Afghanistan : la trahison des talibans
A leur retour au pouvoir à Kaboul en août 2021, les dirigeants islamistes avaient entretenu l’espoir d’un plus grand respect des droits humains, en particulier ceux des femmes. Il faut déchanter. L’aile dure du mouvement l’a emporté.
Le contexte
Dix mois après leur reconquête de Kaboul et la fuite des dernières forces étrangères, les talibans imposent une vision très radicale de leur idéologie aux Afghans et aux Afghanes. Dernière illustration en date, l’imposition de la burqa ou d’un voile ne montrant que les yeux pour les femmes.
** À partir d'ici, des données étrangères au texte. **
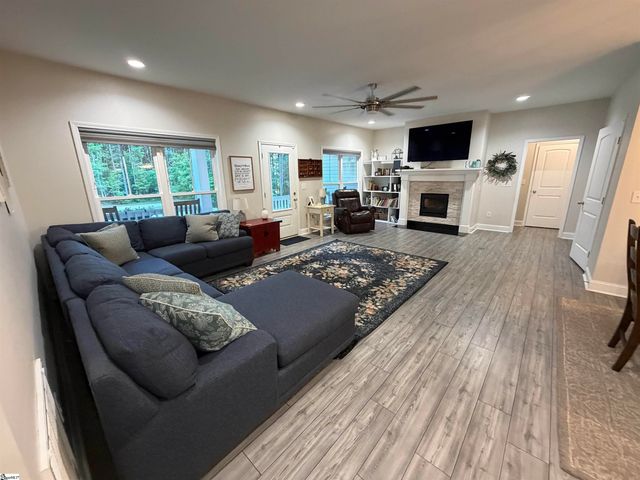 110 Gosnell Farmer Road, Landrum, SC 29356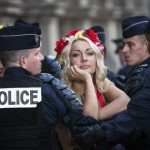 Активистки FEMEN атаковали Марин Ле Пен во время первомайской демонстрации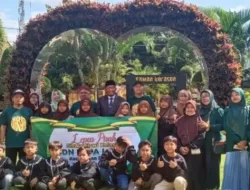 Rekreasi ke Keraton, Siswa SDN Lapa Laok II Tak Nyangka Diajak Foto Bersama Bupati Sumenep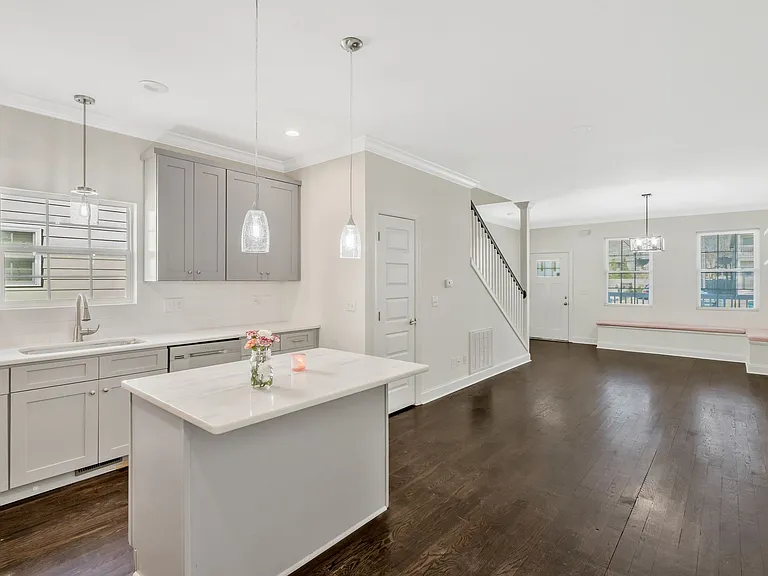 5809B Morrow Rd — Photo 11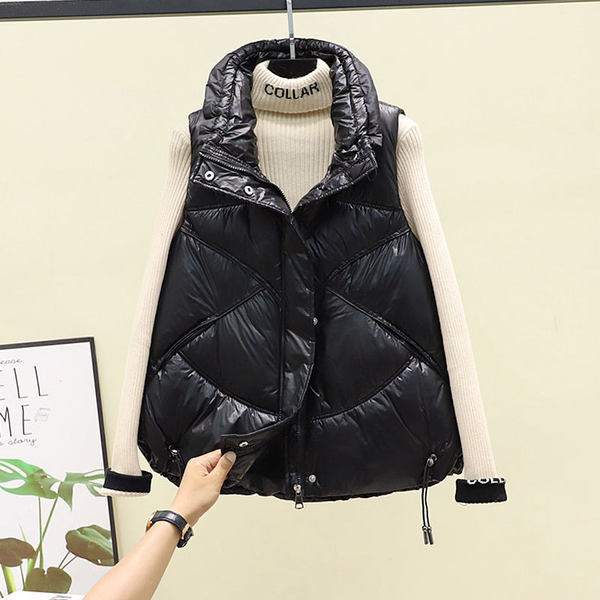 Naiste vabaaja vest nööpidega valge ja must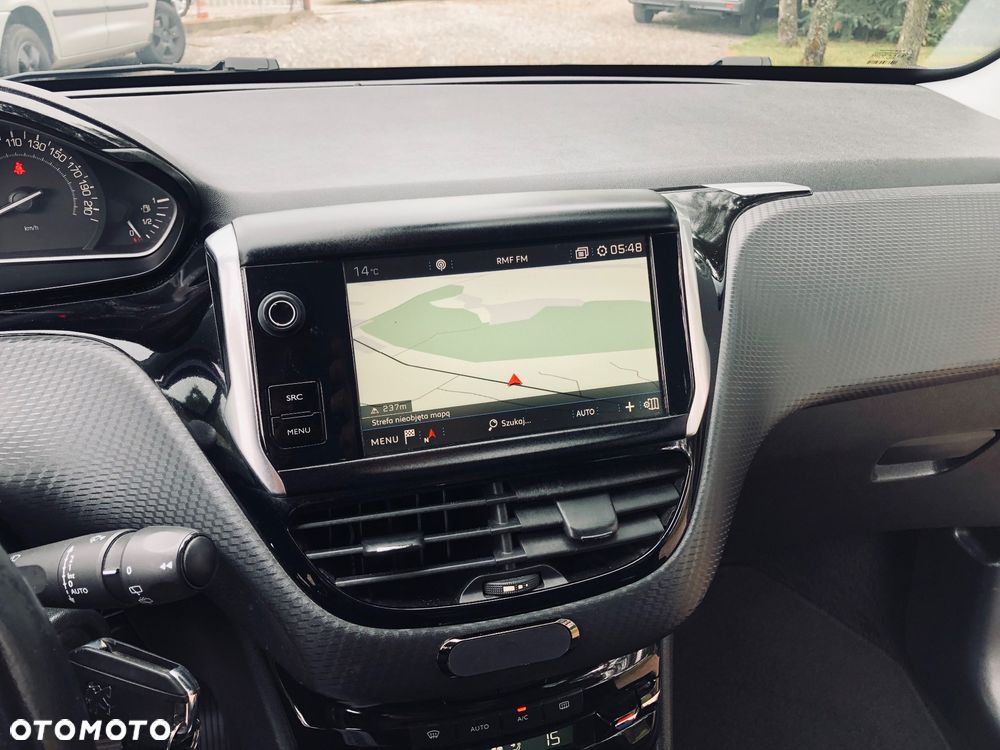Peugeot 208 - 20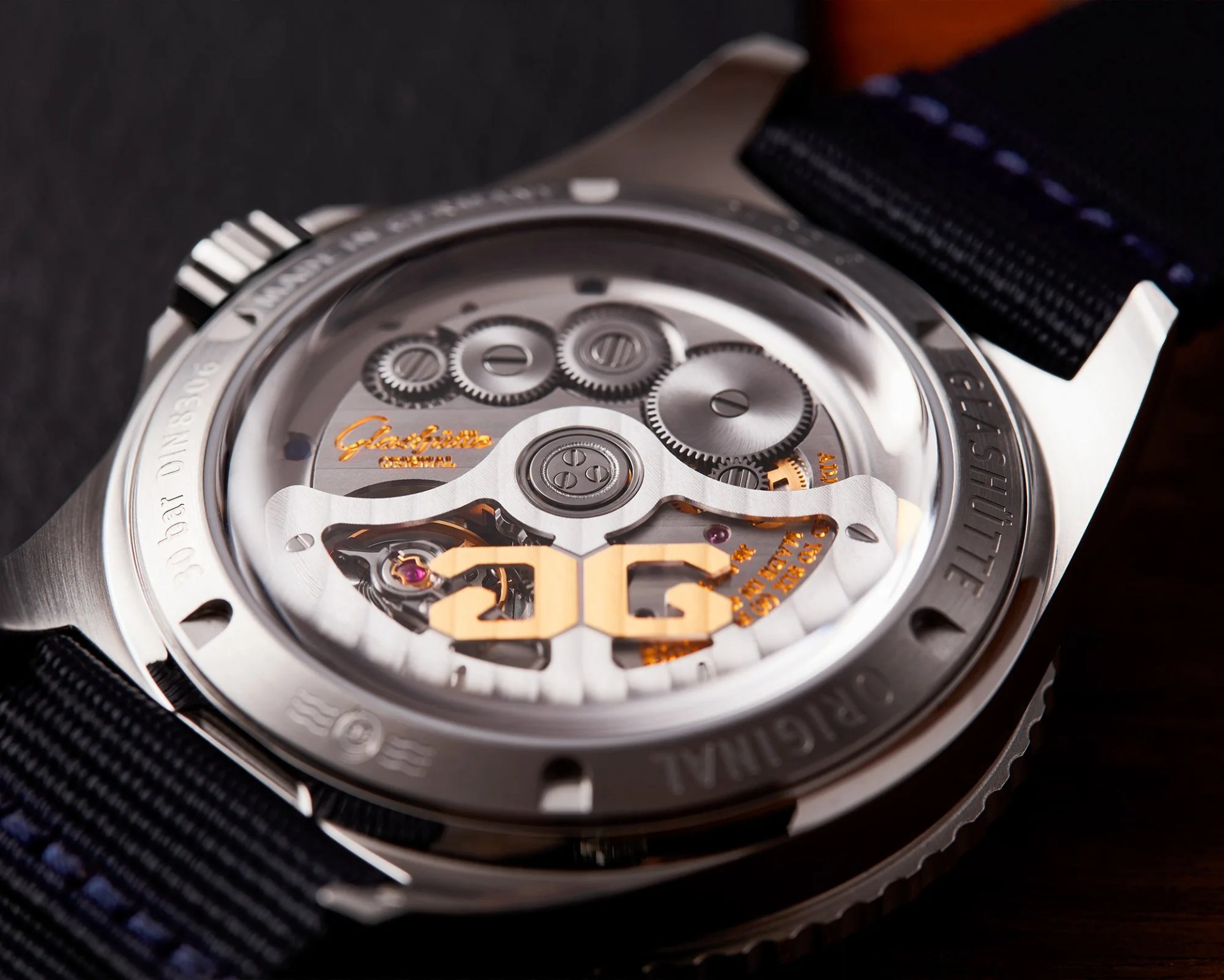 Glash&uuml;tte SeaQ Panorama Date watch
Cette évolution dément les promesses des dirigeants islamistes à leur retour au pouvoir. «Les femmes sont un élément essentiel de la société et nous leur garantissons tous leurs droits, dans les limites de l’islam», avait assuré, le 17 août 2021, le porte-parole des talibans, Zabihullah Mujahid.
Que devient l’Afghanistan? A deux mois du premier anniversaire de la chute de Kaboul aux mains des talibans, la désillusion a submergé la timide espérance qu’avaient suscité la fin de la guerre et la promesse du respect des droits humains par les «étudiants en théologie» revenus au pouvoir après une première expérience mortifère entre 1996 et 2001. Les talibans n’ont pas changé. Les informations en provenance de Kaboul ces dernières semaines témoignent de la descente aux enfers du pays.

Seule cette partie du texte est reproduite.